A highly contested piece of evidence in Adnan Syed’s 2000 murder conviction was also one of the most technical: cell-tower location records. Prosecutors used those records to argue that Syed’s phone was near places tied to the killing of Hae Min Lee, helping anchor part of their timeline.
AT&T Cell-Tower Disclaimer
But the records were not as straightforward as they appeared in court. A disclosure from AT&T stated that location information tied to incoming calls was not reliable for determining a phone’s location. That mattered because some of the call data cited against Syed fell into exactly that category. The issue was not whether cell records existed, but whether those records could support the geographic conclusions the prosecution asked the jury to draw.
That distinction is easy to miss. Cell-tower evidence can sound highly precise, especially when presented with maps, timestamps, and technical terminology. In practice, though, the meaning of the data depends on how the network works and on what the records can actually show. A tower connection may suggest a general route or service area, but it does not automatically place a person at a specific spot. And if a carrier’s own disclaimer warns that certain call records should not be used for location, that warning becomes central, not incidental.
How the Evidence Was Challenged
In Syed’s case, later scrutiny turned that technical note into a major weakness in the original presentation of the evidence. His legal team argued that the reliability problem affected an important part of the state’s case and should have been treated more seriously. Supporters of Syed seized on the same point, but the broader significance went beyond any single side’s argument: a jury may have heard forensic-sounding evidence without hearing an equally clear explanation of its limits.

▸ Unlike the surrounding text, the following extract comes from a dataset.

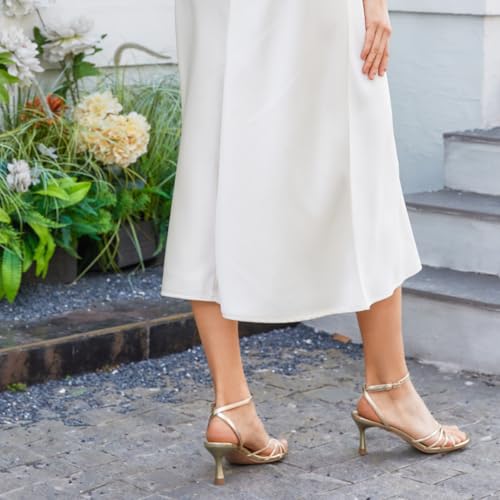 wetkiss Womens Sandals Round Open Toe Kitten Heels Adjustable Ankle Strap Low Heels Heeled Sandals for Women Summer Dress Shoes Not Suitable for Wide Feet4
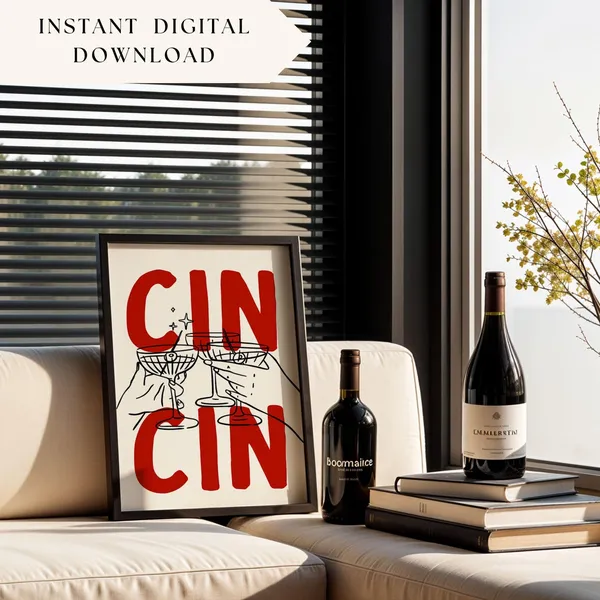 Cin Cin Cheers Bar Wall Art Print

That is one reason the case continued to draw attention long after the verdict, including through the podcast Serial. The lasting interest was not only about guilt or innocence. It was also about how easily a courtroom can give uncertain technology the authority of certainty. In a case examined from nearly every angle, one of the most consequential disputes came down to a small disclaimer attached to phone records and what, exactly, those records were ever capable of proving.
Did You Know?
Adnan Syed’s case became widely known beyond the courtroom because it was the focus of the first season of the podcast Serial.